__EXERCISE DIRECTIONS__
Print the records exactly as given.

--- INPUT DATA Enclosed Below ---

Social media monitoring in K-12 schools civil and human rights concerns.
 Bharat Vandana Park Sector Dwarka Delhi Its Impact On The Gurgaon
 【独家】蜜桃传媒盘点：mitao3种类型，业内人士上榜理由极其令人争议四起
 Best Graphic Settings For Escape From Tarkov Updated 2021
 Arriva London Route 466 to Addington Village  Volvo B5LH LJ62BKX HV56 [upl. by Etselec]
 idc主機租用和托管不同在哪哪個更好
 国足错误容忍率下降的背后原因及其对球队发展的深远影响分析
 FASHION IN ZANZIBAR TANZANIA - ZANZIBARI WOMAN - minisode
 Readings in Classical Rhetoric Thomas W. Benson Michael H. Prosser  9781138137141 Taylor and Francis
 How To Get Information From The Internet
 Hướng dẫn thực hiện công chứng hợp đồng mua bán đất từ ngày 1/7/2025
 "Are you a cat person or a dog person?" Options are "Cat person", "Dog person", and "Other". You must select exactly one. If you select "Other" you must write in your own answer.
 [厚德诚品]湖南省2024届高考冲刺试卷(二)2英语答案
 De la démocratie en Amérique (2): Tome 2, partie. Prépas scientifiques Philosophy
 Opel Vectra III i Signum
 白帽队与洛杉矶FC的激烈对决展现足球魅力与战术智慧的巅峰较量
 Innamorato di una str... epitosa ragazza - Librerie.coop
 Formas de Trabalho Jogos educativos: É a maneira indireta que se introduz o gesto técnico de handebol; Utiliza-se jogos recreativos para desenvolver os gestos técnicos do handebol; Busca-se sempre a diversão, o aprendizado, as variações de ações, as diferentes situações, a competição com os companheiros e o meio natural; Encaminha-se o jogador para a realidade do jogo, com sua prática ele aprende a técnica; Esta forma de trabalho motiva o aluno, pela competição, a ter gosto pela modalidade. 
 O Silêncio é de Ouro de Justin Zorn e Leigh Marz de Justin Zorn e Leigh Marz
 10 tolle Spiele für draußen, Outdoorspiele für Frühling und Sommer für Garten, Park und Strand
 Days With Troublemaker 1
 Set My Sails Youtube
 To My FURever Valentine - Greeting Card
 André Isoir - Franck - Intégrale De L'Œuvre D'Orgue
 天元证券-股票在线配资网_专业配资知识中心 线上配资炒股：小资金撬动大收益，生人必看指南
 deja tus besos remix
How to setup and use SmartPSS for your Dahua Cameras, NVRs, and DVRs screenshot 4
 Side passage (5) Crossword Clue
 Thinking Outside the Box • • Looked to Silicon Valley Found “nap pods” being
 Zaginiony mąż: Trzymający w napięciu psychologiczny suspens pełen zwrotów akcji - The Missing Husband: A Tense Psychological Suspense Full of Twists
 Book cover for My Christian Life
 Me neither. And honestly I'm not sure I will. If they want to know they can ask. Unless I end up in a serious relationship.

--- End of Enclosed INPUT DATA ---

__SOLUTION TO THIS TASK__
Social media monitoring in K-12 schools civil and human rights concerns.
 Bharat Vandana Park Sector Dwarka Delhi Its Impact On The Gurgaon
 【独家】蜜桃传媒盘点：mitao3种类型，业内人士上榜理由极其令人争议四起
 Best Graphic Settings For Escape From Tarkov Updated 2021
 Arriva London Route 466 to Addington Village  Volvo B5LH LJ62BKX HV56 [upl. by Etselec]
 idc主機租用和托管不同在哪哪個更好
 国足错误容忍率下降的背后原因及其对球队发展的深远影响分析
 FASHION IN ZANZIBAR TANZANIA - ZANZIBARI WOMAN - minisode
 Readings in Classical Rhetoric Thomas W. Benson Michael H. Prosser  9781138137141 Taylor and Francis
 How To Get Information From The Internet
 Hướng dẫn thực hiện công chứng hợp đồng mua bán đất từ ngày 1/7/2025
 "Are you a cat person or a dog person?" Options are "Cat person", "Dog person", and "Other". You must select exactly one. If you select "Other" you must write in your own answer.
 [厚德诚品]湖南省2024届高考冲刺试卷(二)2英语答案
 De la démocratie en Amérique (2): Tome 2, partie. Prépas scientifiques Philosophy
 Opel Vectra III i Signum
 白帽队与洛杉矶FC的激烈对决展现足球魅力与战术智慧的巅峰较量
 Innamorato di una str... epitosa ragazza - Librerie.coop
 Formas de Trabalho Jogos educativos: É a maneira indireta que se introduz o gesto técnico de handebol; Utiliza-se jogos recreativos para desenvolver os gestos técnicos do handebol; Busca-se sempre a diversão, o aprendizado, as variações de ações, as diferentes situações, a competição com os companheiros e o meio natural; Encaminha-se o jogador para a realidade do jogo, com sua prática ele aprende a técnica; Esta forma de trabalho motiva o aluno, pela competição, a ter gosto pela modalidade. 
 O Silêncio é de Ouro de Justin Zorn e Leigh Marz de Justin Zorn e Leigh Marz
 10 tolle Spiele für draußen, Outdoorspiele für Frühling und Sommer für Garten, Park und Strand
 Days With Troublemaker 1
 Set My Sails Youtube
 To My FURever Valentine - Greeting Card
 André Isoir - Franck - Intégrale De L'Œuvre D'Orgue
 天元证券-股票在线配资网_专业配资知识中心 线上配资炒股：小资金撬动大收益，生人必看指南
 deja tus besos remix
How to setup and use SmartPSS for your Dahua Cameras, NVRs, and DVRs screenshot 4
 Side passage (5) Crossword Clue
 Thinking Outside the Box • • Looked to Silicon Valley Found “nap pods” being
 Zaginiony mąż: Trzymający w napięciu psychologiczny suspens pełen zwrotów akcji - The Missing Husband: A Tense Psychological Suspense Full of Twists
 Book cover for My Christian Life
 Me neither. And honestly I'm not sure I will. If they want to know they can ask. Unless I end up in a serious relationship.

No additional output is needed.